When I was first there in the 1990s we started to invest in Mexico. And the reason was you could go right over the border at the time. Many of our industrial users would go right over the border and rent an industrial plant from a Mexican owner. The rent was in U.S. dollars. I’ll give you a for instance: IBM or General Motors could lease a plant in Mexico, pay it in dollars without credit. It’s cheaper because of lower labor costs and then if they’re in the United States they could also lease a plant. If you bought that plant in the United States, with an 8 percent cap rate, if you went right over the border to Mexico, it’s 12 percent. We saw this arbitrage because it was Mexico versus the U.S. and we didn’t think it was appropriate. So we started buying industrial buildings in the ’90s. We bought about $600 million and sold them all to Prologis, which is the largest public industrial company in the world right now.

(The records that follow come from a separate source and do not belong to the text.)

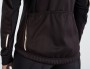 Dámská softshellová cyklistická bunda Specialized Women's RBX Comp Softshell Jacket - black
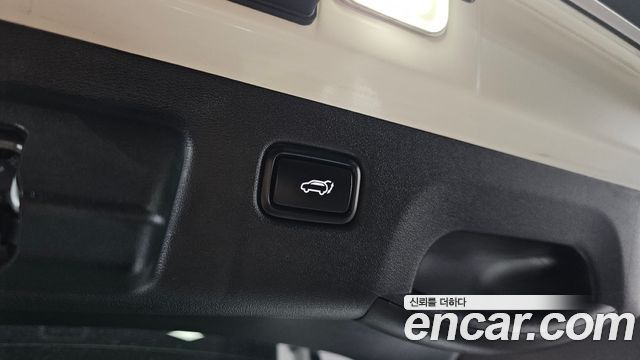 Kia EV6 Long Range 4WD GT Line 2025 — фото 18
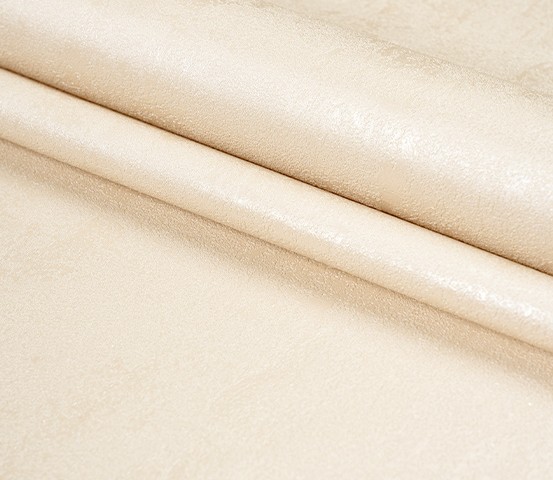 آلبوم کاغذدیواری پنتونکست pantonext (2)  کد 201240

After I left O’Connor, the company realized in the 2000s that there were many U.S. retail tenants going to Mexico, and we had a good understanding of what they wanted. We thought it would be valuable to have a partnership with a Mexican developer given our knowledge of U.S. retailers. We knew we could populate those shopping centers with both U.S. and Mexican tenants. So in the 2000s, O’Connor, with three different developers in Mexico, developed programs and right now with partners owns seven shopping centers mostly around Mexico City.
What’s it like returning to a company where you previously worked?
I enjoy it because the learning curve isn’t so high. When you go to Cushman & Wakefield, it takes you a year to really understand the business and meet all those people and get out to all of those offices. And there’s nothing wrong with that except you don’t have control for a period of time until you understand the business. At O’Connor I was a director since 2010 so I understood what was going on anyway. When I was at Cushman in 2010, and Jerry O’Connor sadly passed away, they asked me to come back as a director. There are about 40 people at O’Connor, some of whom I had hired back in the 1990s that are still there. So it was going back to a business I was pretty acquainted with, with people with whom I had kept a relationship. So it was a comfortable way to come back to a business and help grow it.
Do you favor Cushman over other brokerages?
In any market that Cushman is at least equal to others, we will certainly give them a real shot at it. There are people out there who may be better in certain markets. We are going to work with the best one.